In order to estimate the radiation shielding effectiveness of materials it is necessary to know cosmic ray particles are broken up as they pass though these materials. The breakup of cosmic ray particles is characterized by the nuclear fragmentation cross sections, i.e. an effective geometrical cross section assigned to each target nucleus that represents its apparent size for fragmenting the incident particle. The values of these cross sections depend on the details of nuclear physics and cannot be calculated from first principles owing to the many-body nature of the interactions. The only way to determine them is to measure them. Once a sufficient number of cross sections have been measured, the systematic nature of the interactions allows other cross-sections to be estimated. The number of cross sections that contribute to the estimation of shielding effectiveness is very large 10,000. Fortunately most make minor contributions. These can be estimated from nuclear systematics. Only those who's uncertainties make significant contributions to the error in the shielding effectiveness estimations need to be measured.
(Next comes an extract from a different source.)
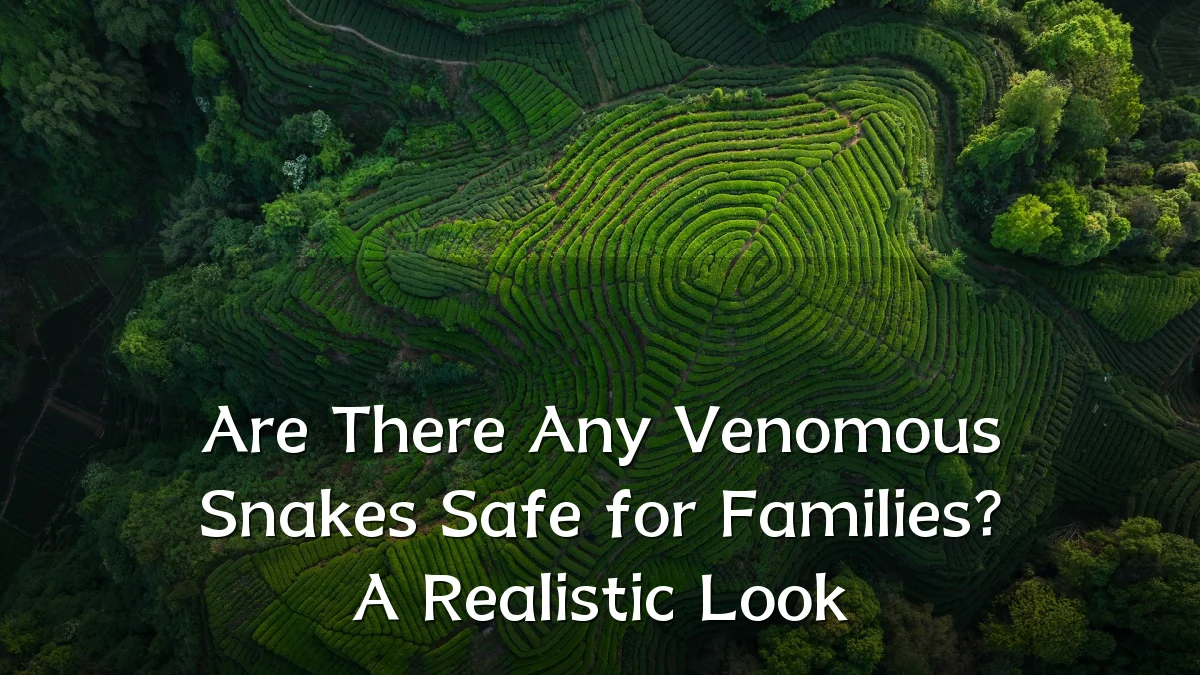 Are There Any Venomous Snakes Safe for Families? A Realistic Look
In the past it has proven difficult to measure light fragment production cross sections from the interactions of heavy cosmic rays owing to the size of the detectors used. We have developed a highly pixilated silicon (Si) detector system that can individually identify these light fragments while making efficient use of costly accelerator time. This system is an outgrowth of detector technology developed under a CDDF and a Code S sponsored cosmic ray experiment.